Ruído entre índios e militares ameaça legado de Rondon

O ruído no diálogo entre o governo de Jair Bolsonaro e os índios mostra uma fratura numa relação que remonta o período colonial


desconforto na videoconferência era visível. Por ordem do Supremo Tribunal Federal (STF), o ministro Augusto Heleno, do Gabinete de Segurança Institucional, e uma equipe do Ministério da Saúde tiveram de se reunir com lideranças indígenas para debater o avanço do coronavírus sobre povos isolados da Amazônia.

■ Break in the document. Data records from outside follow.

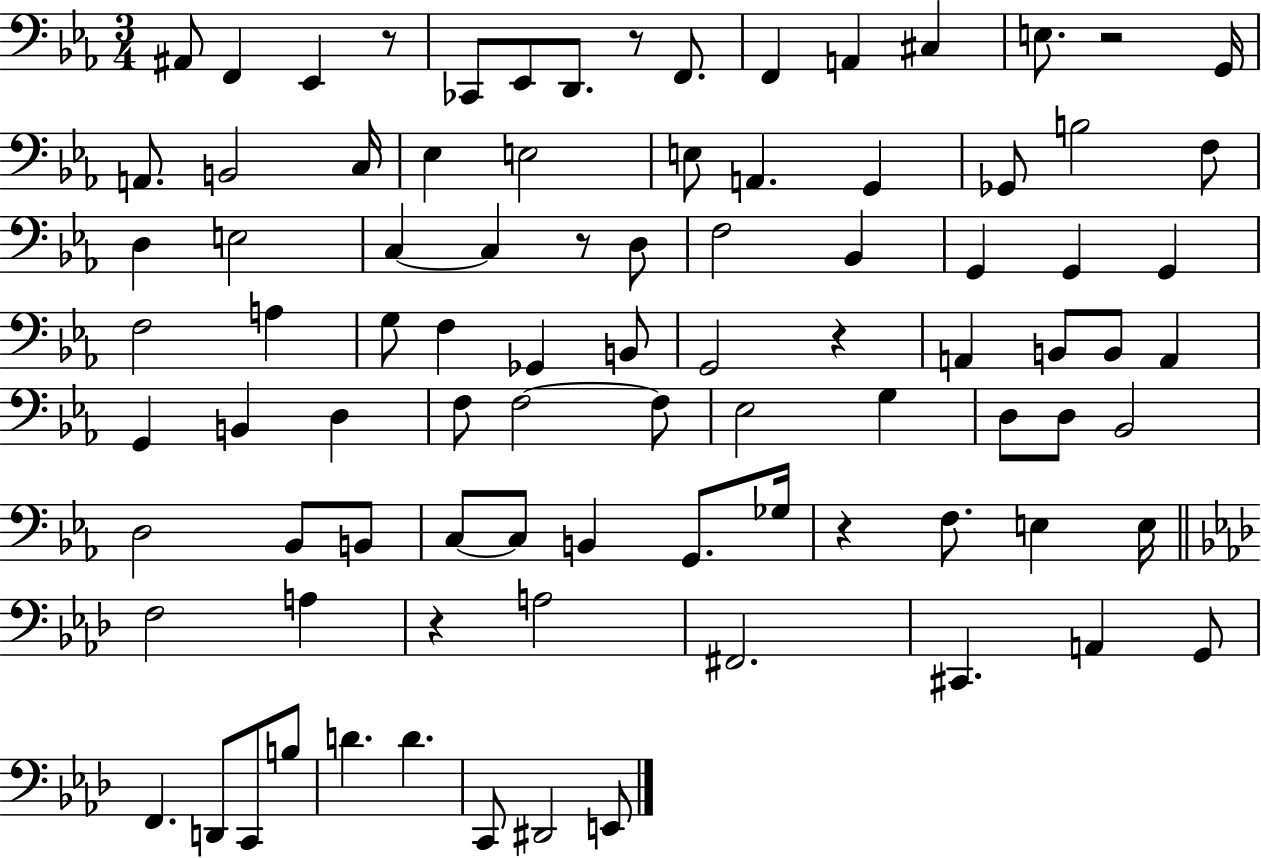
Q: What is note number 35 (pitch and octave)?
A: A3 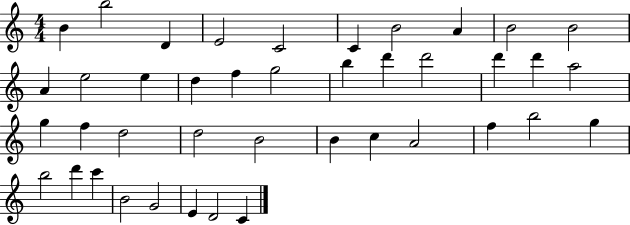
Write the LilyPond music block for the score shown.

{
  \clef treble
  \numericTimeSignature
  \time 4/4
  \key c \major
  b'4 b''2 d'4 | e'2 c'2 | c'4 b'2 a'4 | b'2 b'2 | \break a'4 e''2 e''4 | d''4 f''4 g''2 | b''4 d'''4 d'''2 | d'''4 d'''4 a''2 | \break g''4 f''4 d''2 | d''2 b'2 | b'4 c''4 a'2 | f''4 b''2 g''4 | \break b''2 d'''4 c'''4 | b'2 g'2 | e'4 d'2 c'4 | \bar "|."
}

A reunião virtual de 17 de julho, porém, terminou em troca de acusações. Beto Marubo, Angela Kaxuyana e Sônia Guajajara disseram que a política do governo era genocida. Robson Santos da Silva, secretário especial de Saúde Indígena, chamou-os de levianos. Os índios reagiram relatando ao STF o rumo "humilhante e ameaçador" do encontro.

O ruído no diálogo entre o governo de Jair Bolsonaro e os índios mostra uma fratura numa relação que remonta o período colonial. Ao longo da história, militares e comunidades tradicionais estiveram próximos. A imagem do Exército aliado das aldeias se consolidou a partir das expedições do oficial Cândido Mariano Rondon pelo Centro-Oeste, no começo do século XX.
Pela lupa da revisão histórica, o trabalho de Rondon é visto hoje como paternalista e ponta de lança para a entrada das frentes de exploração. Mas o lema do marechal - "Morrer, se preciso for. Matar, nunca" - é valorizado, especialmente por ter sido usado em regiões onde hoje a única lei é a da bala.
Na visão de lideranças indígenas e entidades do setor, é este legado conciliador de Rondon, embora enviesado, que foi abandonado pela atual geração de generais que ocupa espaço estratégico no governo.
A atuação conflitante com interesses indígenas existe desde o início do governo, quando Bolsonaro assumiu compromisso de interromper demarcações de terras e abri-las à mineração. Em um gesto à bancada ruralista, tentou transferir o poder das demarcações para o Ministério da Agricultura, mas o STF manteve a competência com a Fundação Nacional do Índio (Funai). Em plena crise sanitária provocada pela pandemia, Bolsonaro - que é capitão da reserva do Exército - vetou uma série de dispositivos de lei que definiu medidas para combater o avanço do novo coronavírus entre indígenas. O presidente barrou obrigações como a de garantir acesso universal à água potável, distribuir gratuitamente materiais de higiene e ofertar leitos hospitalares e de UTI.
Em 3 de julho, a recepção de 20 minutos do vice-presidente Hamilton Mourão a Dario Kopenawa no Palácio do Planalto também foi marcada pelo mal-estar. O líder ianomâmi viajou de Roraima a Brasília para implorar ao general, que se autodeclara indígena, a remoção de garimpeiros no território localizado no norte da Amazônia e que, em tempos de isolamento, ampliam o risco de transmissão durante a pandemia.
Uma combinação de garimpo e doenças infecciosas fez Dario sepultar, nas últimas semanas, alguns dos seus antepassados. "Não tem apoio do governo federal para barreirar o coronavírus. Os garimpeiros estão lá levando essa doença para terra Ianomâmi", disse. "Não temos respostas do poder público."